Era aterrador. Lo que había pasado, lo que me habían hecho, y ahora los efectos que aún enfrentaba.
Tenía miedo.
Exhalé un aire helado. El frío recorría mis venas, congelando mi ansiedad y mis temores. Podría con esto. Cientos de miles de personas viven en Night City con brazos de cromo. No era más que algo extraño, o imposible. Solo era cuestión de habituarse, y estaría bien.
Era solo un cambio. Un cambio más en mi vida, igual que todos los otros desde que desperté en el hospital.

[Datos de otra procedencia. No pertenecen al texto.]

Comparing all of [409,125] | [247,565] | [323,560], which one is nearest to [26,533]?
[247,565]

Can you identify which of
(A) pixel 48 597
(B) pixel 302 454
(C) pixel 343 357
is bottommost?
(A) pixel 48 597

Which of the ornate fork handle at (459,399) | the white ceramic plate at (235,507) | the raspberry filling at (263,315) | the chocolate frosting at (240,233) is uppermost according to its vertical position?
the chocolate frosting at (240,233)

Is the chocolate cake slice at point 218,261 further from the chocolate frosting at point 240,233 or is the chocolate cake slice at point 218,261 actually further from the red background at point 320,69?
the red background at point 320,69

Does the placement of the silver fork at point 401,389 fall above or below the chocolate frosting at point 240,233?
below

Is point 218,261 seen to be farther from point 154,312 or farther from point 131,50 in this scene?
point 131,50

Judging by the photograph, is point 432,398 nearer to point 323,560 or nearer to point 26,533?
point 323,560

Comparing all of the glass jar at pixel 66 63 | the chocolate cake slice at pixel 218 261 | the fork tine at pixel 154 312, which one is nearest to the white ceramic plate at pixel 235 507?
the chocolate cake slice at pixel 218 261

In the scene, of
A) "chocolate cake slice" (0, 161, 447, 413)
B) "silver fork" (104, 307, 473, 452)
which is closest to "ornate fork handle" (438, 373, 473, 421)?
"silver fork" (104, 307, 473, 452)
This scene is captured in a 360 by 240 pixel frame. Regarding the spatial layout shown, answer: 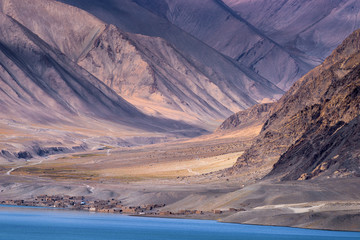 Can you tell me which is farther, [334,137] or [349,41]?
[349,41]

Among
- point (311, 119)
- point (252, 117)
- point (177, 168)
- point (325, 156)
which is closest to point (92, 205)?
point (325, 156)

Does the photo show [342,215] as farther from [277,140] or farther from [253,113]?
[253,113]

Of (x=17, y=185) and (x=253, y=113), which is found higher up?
(x=253, y=113)

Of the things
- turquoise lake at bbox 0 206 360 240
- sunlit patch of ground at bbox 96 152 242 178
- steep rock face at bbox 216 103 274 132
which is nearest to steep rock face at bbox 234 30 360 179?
sunlit patch of ground at bbox 96 152 242 178

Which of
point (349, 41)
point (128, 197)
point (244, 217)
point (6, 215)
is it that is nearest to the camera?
point (244, 217)

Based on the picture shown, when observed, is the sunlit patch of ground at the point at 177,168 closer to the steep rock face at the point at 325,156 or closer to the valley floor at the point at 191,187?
the valley floor at the point at 191,187

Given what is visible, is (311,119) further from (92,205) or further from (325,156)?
(92,205)

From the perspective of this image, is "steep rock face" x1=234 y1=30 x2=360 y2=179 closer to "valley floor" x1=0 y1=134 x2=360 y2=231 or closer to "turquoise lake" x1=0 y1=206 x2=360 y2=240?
"valley floor" x1=0 y1=134 x2=360 y2=231

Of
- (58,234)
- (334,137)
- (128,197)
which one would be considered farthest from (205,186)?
(58,234) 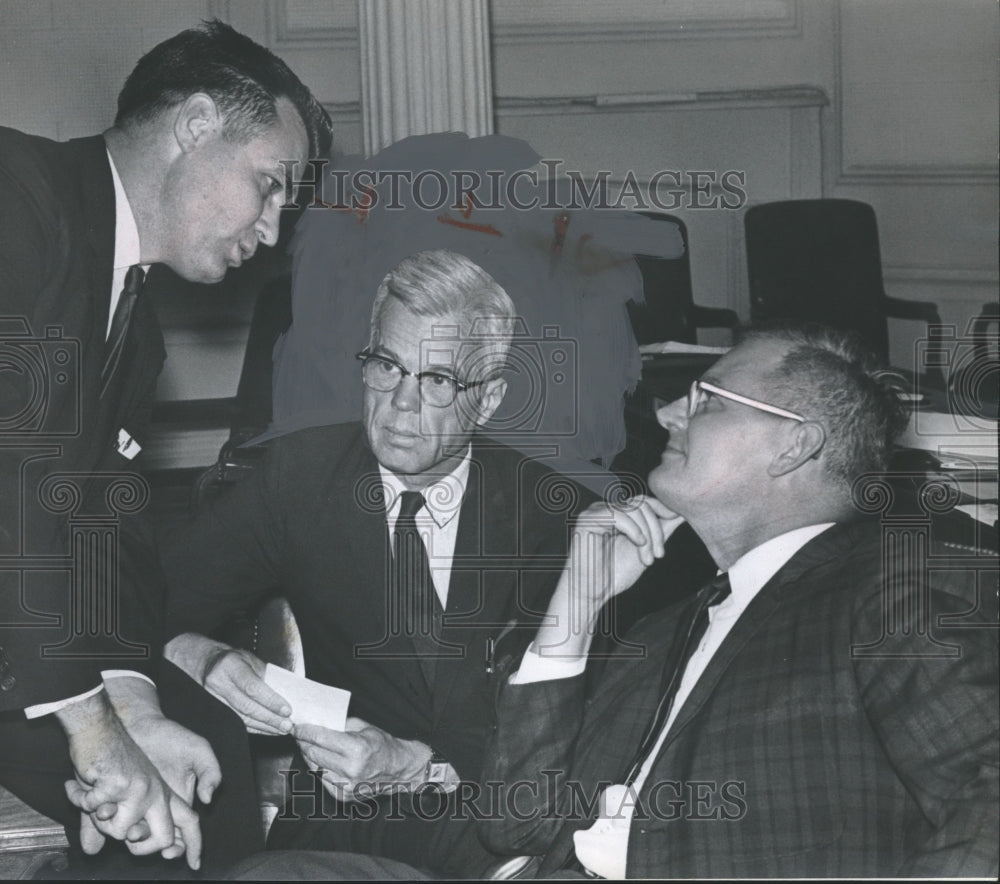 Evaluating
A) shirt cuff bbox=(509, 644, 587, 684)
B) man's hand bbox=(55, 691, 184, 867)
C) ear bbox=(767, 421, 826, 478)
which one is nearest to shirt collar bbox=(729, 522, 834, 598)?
ear bbox=(767, 421, 826, 478)

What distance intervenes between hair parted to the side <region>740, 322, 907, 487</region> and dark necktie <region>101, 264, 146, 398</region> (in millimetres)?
1301

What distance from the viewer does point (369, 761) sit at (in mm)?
2467

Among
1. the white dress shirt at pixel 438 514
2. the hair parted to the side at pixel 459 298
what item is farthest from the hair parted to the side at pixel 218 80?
the white dress shirt at pixel 438 514

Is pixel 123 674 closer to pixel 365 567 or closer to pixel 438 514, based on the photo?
pixel 365 567

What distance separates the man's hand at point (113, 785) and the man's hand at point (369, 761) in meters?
0.29

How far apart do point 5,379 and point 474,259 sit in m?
1.00

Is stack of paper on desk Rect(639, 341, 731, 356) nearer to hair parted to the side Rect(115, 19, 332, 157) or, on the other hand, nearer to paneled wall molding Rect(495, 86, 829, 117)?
paneled wall molding Rect(495, 86, 829, 117)

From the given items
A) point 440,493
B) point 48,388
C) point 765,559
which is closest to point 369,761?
point 440,493

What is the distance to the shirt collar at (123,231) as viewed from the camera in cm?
250

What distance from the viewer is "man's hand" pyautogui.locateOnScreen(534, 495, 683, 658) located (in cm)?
240

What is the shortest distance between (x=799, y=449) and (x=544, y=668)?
0.66 m

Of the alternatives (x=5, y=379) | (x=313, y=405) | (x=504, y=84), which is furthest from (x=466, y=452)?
(x=5, y=379)

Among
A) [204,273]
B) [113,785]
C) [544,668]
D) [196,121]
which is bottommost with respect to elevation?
[113,785]

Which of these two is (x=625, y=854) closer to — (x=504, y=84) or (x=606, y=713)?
(x=606, y=713) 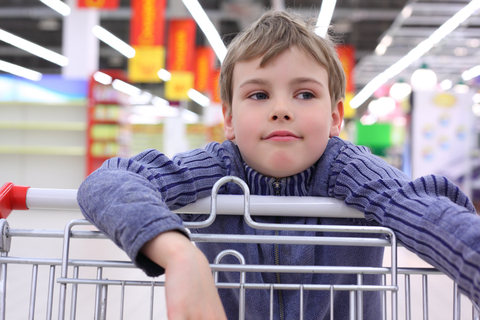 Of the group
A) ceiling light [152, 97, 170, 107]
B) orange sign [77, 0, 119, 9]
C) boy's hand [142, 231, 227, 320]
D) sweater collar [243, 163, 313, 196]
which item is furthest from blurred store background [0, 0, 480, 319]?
ceiling light [152, 97, 170, 107]

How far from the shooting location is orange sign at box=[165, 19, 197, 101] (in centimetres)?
836

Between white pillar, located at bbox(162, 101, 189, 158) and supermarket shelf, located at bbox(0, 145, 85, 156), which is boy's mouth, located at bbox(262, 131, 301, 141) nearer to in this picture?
supermarket shelf, located at bbox(0, 145, 85, 156)

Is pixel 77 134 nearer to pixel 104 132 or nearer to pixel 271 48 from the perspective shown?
pixel 104 132

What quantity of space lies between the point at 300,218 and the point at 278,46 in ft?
1.42

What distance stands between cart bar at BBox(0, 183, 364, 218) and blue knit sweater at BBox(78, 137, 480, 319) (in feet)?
0.18

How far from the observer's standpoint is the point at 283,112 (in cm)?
99

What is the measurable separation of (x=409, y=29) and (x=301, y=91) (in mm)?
10686

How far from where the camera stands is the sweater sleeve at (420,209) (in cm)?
74

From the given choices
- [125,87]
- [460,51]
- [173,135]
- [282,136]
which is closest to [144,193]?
[282,136]

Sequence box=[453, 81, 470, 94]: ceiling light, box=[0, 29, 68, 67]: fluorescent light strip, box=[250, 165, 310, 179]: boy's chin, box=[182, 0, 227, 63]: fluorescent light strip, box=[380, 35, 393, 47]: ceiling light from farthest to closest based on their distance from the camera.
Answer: box=[0, 29, 68, 67]: fluorescent light strip → box=[380, 35, 393, 47]: ceiling light → box=[453, 81, 470, 94]: ceiling light → box=[182, 0, 227, 63]: fluorescent light strip → box=[250, 165, 310, 179]: boy's chin

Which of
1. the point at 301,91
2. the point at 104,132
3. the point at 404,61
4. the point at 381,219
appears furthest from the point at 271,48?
the point at 404,61

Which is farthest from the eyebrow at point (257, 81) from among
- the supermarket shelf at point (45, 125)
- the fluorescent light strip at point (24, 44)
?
the fluorescent light strip at point (24, 44)

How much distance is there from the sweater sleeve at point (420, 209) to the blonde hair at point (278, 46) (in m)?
0.24

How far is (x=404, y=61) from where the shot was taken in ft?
38.3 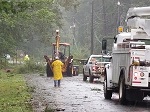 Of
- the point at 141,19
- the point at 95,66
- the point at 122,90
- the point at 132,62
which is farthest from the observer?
the point at 95,66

Solo una pequeña transformación adicional.
Dejé que el hielo se derritiera, permitiendo que mis sentimientos regresaran lentamente a mi mente.
Sentí miedo. Pero no porque odiara los brazos cibernéticos. Sino porque no había sido una elección mía.
Había querido esto, pero a mi propio ritmo. Exhalé calidez. No amenazaban con salir lágrimas. —Está bien, Motoko. Primer paso. Acostumbrarse a los miembros. —Con los ojos cerrados, extendí los brazos y luego los abrí. Mirándolos por primera vez como si fueran míos.
No eran Condors de Militech. No eran de Chrome.
Eran mis brazos.
Mis dedos eran delgados. El Ripper debe haber ajustado... mis brazos, para adaptarlos a una mujer. Extendí los brazos a los lados, tanteando mi envergadura. Era... más o menos igual, ¿verdad? No era fácil de decir, pero ahí estaba. Ahora mis dedos eran más largos. Me di cuenta de que podía cerrar los puños y mis dedos no descansaban en el mismo lugar de antes.
Jugué un momento con mis dedos. Presionando uno tras otro el pulgar, haciendo que se movieran y, para asegurarlo, incluso levanté el dedo medio.
Solo para estar segura la próxima vez.
Luego pasé a mis palmas. No eran de carne. Eran de acero inoxidable liso, o de aluminio, pero en partes cubiertas con una superficie de goma antideslizante. Podía sentirlo. Los sensores del Ciberware me proporcionaban una percepción del tacto casi exacta.
La sensación de extrañeza seguía allí, y tuve que cerrar los ojos y simplemente respirar, mientras experimentaba nuevas sensaciones relacionadas con acciones antiguas.
Tocar mi propia palma no debería causarme tanto malestar. No debería sentirlo tan incorrecto.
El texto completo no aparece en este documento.